Medicaid “looks back” to the time before you apply for benefits.
People hoping to qualify for nursing home assistance from Medicaid must meet strict income and asset requirements. The exact income and asset limits in the state of Georgia depend on an applicant’s marital status and the type of assistance needed. Many may believe that giving away their assets or selling them at a low price before entering a nursing home will allow them to qualify, but this is not the case.
Medicaid “looks back” at the gifts, sales and other asset transfers made in the five years prior to a person’s application for benefits. If they find that a person has given away their possessions or sold them for less than they are worth in an effort to meet Medicaid requirements, that person will face penalties and be ineligible for benefits for some time.
How can people avoid penalties related to the “look-back” period?
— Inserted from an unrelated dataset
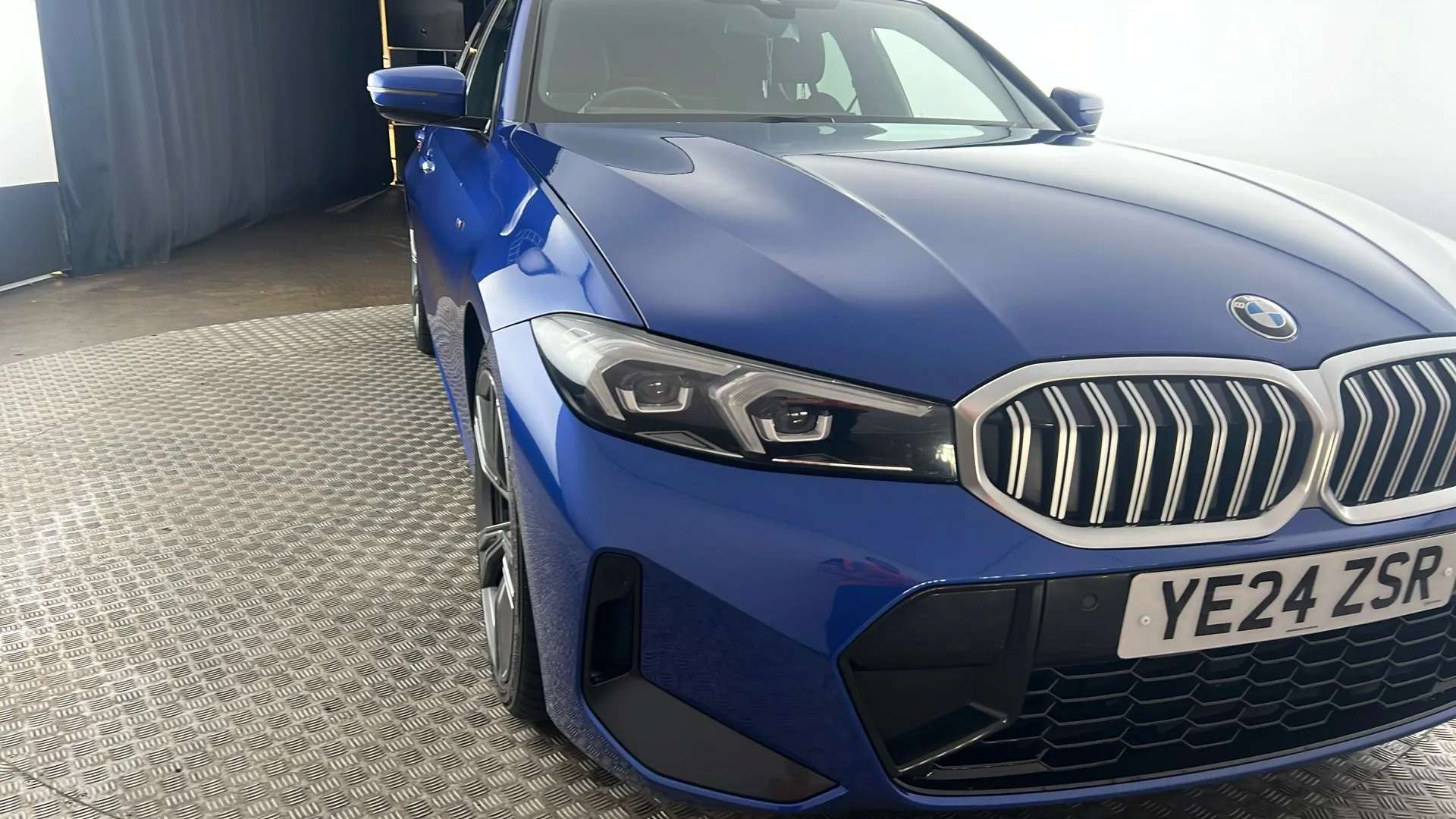 2024 BMW 3 SERIES 2024 BMW 3 SERIES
For many, maintaining Medicaid eligibility depends on careful planning in the years before they need assistance. Depending on their finances, they may choose to engage in a planned “spend down” by paying off debt, placing funds in trust or other strategies. Because spending down assets to plan for Medicaid is a complex process, many may find it helpful to work with a professional to create a plan that protects both their comfort today and their eligibility tomorrow.